=== DATA SHOWN ===

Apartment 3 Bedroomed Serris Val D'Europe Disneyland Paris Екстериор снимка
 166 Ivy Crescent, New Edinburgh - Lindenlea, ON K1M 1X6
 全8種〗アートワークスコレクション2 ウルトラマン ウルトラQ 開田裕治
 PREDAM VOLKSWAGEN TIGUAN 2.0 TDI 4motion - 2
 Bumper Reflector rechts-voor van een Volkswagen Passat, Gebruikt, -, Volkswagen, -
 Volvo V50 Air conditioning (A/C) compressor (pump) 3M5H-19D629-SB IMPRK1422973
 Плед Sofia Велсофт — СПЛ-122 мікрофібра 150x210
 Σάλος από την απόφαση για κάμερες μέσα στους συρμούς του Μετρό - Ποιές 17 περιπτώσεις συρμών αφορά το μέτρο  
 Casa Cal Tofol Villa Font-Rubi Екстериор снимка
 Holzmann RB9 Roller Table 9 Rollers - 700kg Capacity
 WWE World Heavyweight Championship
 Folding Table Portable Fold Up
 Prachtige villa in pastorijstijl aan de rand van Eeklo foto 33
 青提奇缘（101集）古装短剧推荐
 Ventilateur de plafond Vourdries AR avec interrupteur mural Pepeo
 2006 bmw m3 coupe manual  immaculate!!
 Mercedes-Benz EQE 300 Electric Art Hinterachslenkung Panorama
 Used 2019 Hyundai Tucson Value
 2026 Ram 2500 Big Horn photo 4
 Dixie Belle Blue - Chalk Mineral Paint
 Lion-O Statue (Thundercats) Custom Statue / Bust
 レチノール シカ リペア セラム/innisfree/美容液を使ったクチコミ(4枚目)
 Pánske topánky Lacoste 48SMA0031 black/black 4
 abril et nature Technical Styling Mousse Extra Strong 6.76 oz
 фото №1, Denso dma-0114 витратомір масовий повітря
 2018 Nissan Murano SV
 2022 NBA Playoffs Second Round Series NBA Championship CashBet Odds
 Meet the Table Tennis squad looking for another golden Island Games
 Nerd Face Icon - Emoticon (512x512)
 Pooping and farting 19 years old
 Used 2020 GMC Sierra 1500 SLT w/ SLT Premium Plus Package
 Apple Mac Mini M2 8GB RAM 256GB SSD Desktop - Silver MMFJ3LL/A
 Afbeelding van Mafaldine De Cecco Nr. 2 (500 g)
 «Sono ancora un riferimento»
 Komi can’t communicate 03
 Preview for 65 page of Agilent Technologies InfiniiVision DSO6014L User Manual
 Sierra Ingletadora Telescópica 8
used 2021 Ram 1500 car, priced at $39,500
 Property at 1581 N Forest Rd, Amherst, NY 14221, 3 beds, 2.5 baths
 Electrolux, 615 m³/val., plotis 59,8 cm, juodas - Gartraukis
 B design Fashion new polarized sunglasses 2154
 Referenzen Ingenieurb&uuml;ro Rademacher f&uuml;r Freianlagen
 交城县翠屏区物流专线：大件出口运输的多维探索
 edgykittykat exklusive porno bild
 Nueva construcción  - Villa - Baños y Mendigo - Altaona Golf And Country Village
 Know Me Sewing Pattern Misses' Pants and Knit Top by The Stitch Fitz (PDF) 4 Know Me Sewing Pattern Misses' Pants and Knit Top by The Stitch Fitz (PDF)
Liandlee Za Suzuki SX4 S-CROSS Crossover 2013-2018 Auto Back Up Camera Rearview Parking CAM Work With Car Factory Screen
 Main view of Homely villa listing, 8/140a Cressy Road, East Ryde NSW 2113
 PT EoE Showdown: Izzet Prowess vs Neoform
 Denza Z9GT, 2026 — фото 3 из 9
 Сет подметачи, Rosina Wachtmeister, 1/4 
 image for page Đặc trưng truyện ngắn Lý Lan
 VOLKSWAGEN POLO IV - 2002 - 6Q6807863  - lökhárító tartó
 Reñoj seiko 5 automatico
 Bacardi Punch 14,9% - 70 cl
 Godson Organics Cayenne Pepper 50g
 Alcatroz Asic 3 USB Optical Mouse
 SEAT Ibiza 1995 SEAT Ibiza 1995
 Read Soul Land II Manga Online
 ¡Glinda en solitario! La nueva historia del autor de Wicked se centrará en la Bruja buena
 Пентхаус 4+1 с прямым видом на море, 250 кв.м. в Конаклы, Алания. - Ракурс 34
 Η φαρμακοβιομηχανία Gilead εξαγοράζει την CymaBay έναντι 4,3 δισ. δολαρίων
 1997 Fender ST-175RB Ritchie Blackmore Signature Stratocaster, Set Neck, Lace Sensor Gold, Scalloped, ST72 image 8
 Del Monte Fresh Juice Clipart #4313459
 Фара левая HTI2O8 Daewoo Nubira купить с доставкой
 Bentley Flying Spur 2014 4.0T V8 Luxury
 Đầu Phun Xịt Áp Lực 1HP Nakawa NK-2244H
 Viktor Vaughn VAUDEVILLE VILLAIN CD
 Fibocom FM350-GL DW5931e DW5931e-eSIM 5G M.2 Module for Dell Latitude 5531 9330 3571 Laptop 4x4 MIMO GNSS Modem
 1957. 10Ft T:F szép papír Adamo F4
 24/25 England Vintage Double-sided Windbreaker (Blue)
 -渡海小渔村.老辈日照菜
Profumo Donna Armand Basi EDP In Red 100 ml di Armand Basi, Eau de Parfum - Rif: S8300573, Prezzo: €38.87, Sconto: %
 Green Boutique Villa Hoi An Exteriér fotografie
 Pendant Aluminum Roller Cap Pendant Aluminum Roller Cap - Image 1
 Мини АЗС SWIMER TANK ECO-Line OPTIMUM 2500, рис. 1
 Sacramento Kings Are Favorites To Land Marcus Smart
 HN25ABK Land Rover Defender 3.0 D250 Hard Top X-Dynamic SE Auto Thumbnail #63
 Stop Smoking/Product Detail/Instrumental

===

● WHAT IS EXPECTED:
Copy out, exactly and alone, the lines of the entries above between the ones holding "Pendant Aluminum Roller Cap Pendant" and "HN25ABK Land Rover", inclusive.

● TASK ANSWER:
 Pendant Aluminum Roller Cap Pendant Aluminum Roller Cap - Image 1
 Мини АЗС SWIMER TANK ECO-Line OPTIMUM 2500, рис. 1
 Sacramento Kings Are Favorites To Land Marcus Smart
 HN25ABK Land Rover Defender 3.0 D250 Hard Top X-Dynamic SE Auto Thumbnail #63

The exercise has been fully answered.